• Extracted material
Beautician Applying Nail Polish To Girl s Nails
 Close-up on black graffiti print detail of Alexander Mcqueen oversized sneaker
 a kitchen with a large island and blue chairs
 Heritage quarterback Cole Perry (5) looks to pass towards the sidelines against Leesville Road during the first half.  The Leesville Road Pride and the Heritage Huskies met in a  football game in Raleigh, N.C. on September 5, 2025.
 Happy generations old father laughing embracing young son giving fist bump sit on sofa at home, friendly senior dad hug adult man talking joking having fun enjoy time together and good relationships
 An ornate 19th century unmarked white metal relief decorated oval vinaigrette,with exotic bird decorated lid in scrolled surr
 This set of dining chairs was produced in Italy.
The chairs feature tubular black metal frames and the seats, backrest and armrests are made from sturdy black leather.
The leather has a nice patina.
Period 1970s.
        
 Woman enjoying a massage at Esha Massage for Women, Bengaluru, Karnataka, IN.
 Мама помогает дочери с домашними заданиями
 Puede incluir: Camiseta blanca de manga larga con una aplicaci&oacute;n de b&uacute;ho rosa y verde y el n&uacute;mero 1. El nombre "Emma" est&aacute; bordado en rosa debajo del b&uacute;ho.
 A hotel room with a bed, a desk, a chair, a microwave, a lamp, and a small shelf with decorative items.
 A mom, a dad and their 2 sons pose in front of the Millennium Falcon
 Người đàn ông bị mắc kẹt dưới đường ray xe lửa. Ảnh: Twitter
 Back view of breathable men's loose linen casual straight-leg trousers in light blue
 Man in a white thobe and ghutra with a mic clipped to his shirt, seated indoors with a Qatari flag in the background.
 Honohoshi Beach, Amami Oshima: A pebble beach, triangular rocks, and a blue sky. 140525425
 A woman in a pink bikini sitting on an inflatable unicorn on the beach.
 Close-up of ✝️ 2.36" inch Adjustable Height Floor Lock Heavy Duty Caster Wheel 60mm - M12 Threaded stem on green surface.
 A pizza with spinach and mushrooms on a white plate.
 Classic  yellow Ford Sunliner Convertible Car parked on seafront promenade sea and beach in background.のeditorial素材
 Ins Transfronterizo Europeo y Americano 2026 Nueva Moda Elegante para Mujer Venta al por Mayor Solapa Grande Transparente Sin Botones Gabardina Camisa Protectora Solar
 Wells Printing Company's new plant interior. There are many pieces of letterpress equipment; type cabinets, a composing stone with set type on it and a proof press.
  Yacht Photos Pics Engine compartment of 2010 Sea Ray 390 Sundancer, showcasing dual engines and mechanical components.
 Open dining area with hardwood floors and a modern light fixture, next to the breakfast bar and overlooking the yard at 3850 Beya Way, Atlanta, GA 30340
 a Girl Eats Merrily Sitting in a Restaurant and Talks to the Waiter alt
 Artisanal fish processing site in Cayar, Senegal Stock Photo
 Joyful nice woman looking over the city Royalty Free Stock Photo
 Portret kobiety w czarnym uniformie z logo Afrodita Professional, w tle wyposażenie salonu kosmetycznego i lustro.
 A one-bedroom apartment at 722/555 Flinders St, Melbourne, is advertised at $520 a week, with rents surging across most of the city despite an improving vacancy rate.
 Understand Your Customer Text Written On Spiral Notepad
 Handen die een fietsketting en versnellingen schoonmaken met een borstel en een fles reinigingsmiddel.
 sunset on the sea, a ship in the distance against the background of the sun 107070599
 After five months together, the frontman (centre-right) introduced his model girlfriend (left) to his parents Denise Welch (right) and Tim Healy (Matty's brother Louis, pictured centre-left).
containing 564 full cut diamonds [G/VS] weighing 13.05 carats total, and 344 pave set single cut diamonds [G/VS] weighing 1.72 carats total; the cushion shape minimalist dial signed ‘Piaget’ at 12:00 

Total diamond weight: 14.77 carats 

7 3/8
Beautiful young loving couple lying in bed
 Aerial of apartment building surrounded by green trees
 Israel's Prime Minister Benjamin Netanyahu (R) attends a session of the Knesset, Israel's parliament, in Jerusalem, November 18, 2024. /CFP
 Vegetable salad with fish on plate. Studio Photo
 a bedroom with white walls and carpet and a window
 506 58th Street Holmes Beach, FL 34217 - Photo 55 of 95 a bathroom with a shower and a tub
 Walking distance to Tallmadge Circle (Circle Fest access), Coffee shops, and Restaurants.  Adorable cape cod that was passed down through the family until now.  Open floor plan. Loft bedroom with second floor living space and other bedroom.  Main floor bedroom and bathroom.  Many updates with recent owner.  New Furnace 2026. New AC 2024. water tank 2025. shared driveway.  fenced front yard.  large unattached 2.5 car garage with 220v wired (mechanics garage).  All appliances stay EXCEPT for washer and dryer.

• Task directions
All lines with the string "light" must be copied from the data.

• Exercise solution
 Back view of breathable men's loose linen casual straight-leg trousers in light blue
 Open dining area with hardwood floors and a modern light fixture, next to the breakfast bar and overlooking the yard at 3850 Beya Way, Atlanta, GA 30340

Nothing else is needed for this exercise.